Take Saint Peter, for example, which The New York Times described as ‘proof that when it comes to the modern dedicated seafood restaurant, Australia does it best’. Or nel., the Sydney restaurant that has turned a typical dining experience into something theatrical and glorious. Or the other new in-town players that are making ‘Sydney’s dining scene… stronger than ever’, according to Gourmet Traveller.
Nelly Robinson, the chef behind nel., believes that it’s a fantastic time to be getting into Sydney’s hospitality scene.
“There are some unhappy restaurateurs here at the moment,” Robinsaid said, “because the Sydney restaurant scene is changing.
“But that’s not a bad thing. It means there are fantastic opportunities for up-and-coming chefs and new food ideas.”
Robinson’s not wrong. With Australia’s runaway ‘foodie’ culture, diners are looking for so much more from their restaurants.
And Sydney is answering the call.
In fact, in the last few years, Sydney has leapt ahead of Melbourne, the formerly premier foodie destination, by redeveloping iconic buildings, laneways, byways and factories into incredible foodie experiences.
Described by News as ‘the place to eat right now in Australia’, Sydney is certainly showing no sign of slowing down.

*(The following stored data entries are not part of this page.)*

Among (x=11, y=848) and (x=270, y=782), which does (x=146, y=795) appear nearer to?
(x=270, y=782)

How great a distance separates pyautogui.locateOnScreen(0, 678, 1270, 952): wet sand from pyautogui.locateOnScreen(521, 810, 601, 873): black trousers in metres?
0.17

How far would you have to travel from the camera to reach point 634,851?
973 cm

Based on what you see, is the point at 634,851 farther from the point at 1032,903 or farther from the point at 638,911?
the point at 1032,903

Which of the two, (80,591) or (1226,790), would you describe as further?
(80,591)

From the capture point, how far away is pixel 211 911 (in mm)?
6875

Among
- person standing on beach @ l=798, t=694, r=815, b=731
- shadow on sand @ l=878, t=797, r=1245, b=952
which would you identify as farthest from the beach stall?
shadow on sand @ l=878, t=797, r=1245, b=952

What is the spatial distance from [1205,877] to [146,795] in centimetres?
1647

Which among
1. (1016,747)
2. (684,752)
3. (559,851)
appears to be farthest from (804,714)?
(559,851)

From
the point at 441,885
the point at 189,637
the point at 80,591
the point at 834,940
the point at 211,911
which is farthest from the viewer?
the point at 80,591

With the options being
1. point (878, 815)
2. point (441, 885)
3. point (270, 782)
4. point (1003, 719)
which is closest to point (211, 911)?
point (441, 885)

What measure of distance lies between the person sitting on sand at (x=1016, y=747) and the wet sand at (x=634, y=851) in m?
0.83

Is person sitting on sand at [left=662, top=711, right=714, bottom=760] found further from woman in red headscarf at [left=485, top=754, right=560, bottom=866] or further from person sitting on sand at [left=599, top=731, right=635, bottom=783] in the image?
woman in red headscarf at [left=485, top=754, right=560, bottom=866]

Lockout laws have been another common complaint from struggling venues. Again, this seems to be more a case of finger pointing and ‘blame game’. After all, since late 2018, Sydney’s after-hours economy had already bounced back with the number of venues growing by 1.8 percent in 2017 and overall sales rising by 6.3 percent.
Rather than sinking, the city’s night-life economy was worth $4.05 billion at the end of last year.
‘This growth comes off the back of decline between 2014 and 2015 following the introduction of the lockouts in February 2014,’ according to a report commissioned by the Council of Capital City Lord Mayors.
“Rather than blame the economy, or the lockout laws, or some third-party delivery services, restaurants should look to how they can adapt in the new changing market,” advised Robinson.
“Yes, Sydney diners are looking for new experiences. Yes, they are changing their expectations about dining out.
“But at the same time, more Sydneysiders are eating out now than ever before.”
For Robinson, the blame game isn’t helping diners or business owners.
“I think, as an industry, we need to stop looking for excuses and start thinking about the customer’s experience. Those are the restaurants that will succeed.”
And Sydney is still the place to do that.